Ananias and Sapphira: Saved or Lost?
by Jack Cottrell (Notes) on Thursday, October 8, 2009 at 7:37pm
HERE’S AN INTERESTING QUESTION: “We are working through the book of Acts in our Sunday School class, and last week discussed Ananias and Sapphira. The question which hung a few of us was: ‘Did they go to heaven when they were struck dead?’ Most of us felt, assuming they were born again believers, they did. If all it took to banish a born again believer to Hell was sinning at the moment of death, Grace would seem less ‘graceful.’”
MY REPLY: I vote with the majority here. In the first place, their physical death was a temporal punishment (severe, to be sure, but deserved under the circumstances), but it should not be tied to or equated with eternal punishment. Second, contrary to a widespread fallacy, an individual sin (except for the sin of unbelief) does not necessarily separate us from the grace of God. It is possible to fall from grace, but this is a drastic step and should not be equated with individual sins. We all sin despite our earnest desire not to do so (see Romans 7:14-25); but this affects our efforts toward SANCTIFICATION, not our secure state of JUSTIFICATION. See chapter 4, “Grace as a Double Cure,” in my recent book on grace, “Set Free! What the Bible Says About Grace” (College Press). (Also in this book, see pp. 303ff. on falling from grace.)

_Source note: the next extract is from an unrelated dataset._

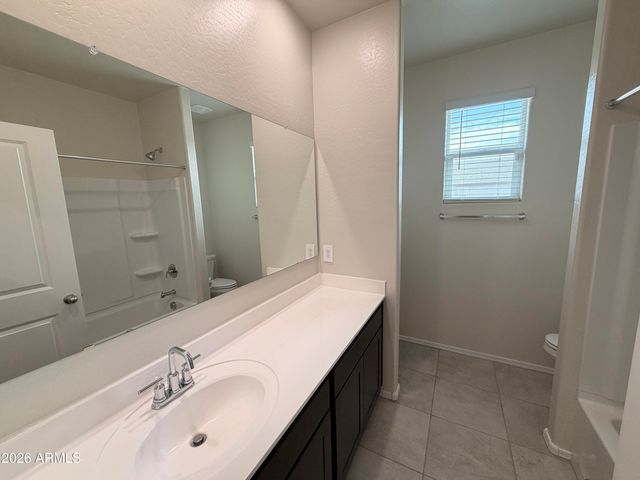 18609 W BRONCO Trail, Wittmann, AZ 85361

Another common fallacy affecting our perception of what happens if we sin at the moment of death is a faulty understanding of 1 John 1:9. This is usually understood as implying that every sin separates us from grace and puts us into a state of lostness; we stay in that lost state until we repent and confess that specific sin and pray for its forgiveness. But if we die after sinning and before confessing, we have been taught to assume we will go to hell. But this is not what 1 John 1:9 means. Rather, John is saying that a continuing confession of the fact that we ARE SINNERS (i.e., a repentant heart) is part of what keeps us within the grace of God. See again my book, “Set Free!”, pp. 314-316, for a fuller explanation of why this is the correct understanding of this verse.
This gives us a whole new perspective on suicide, also.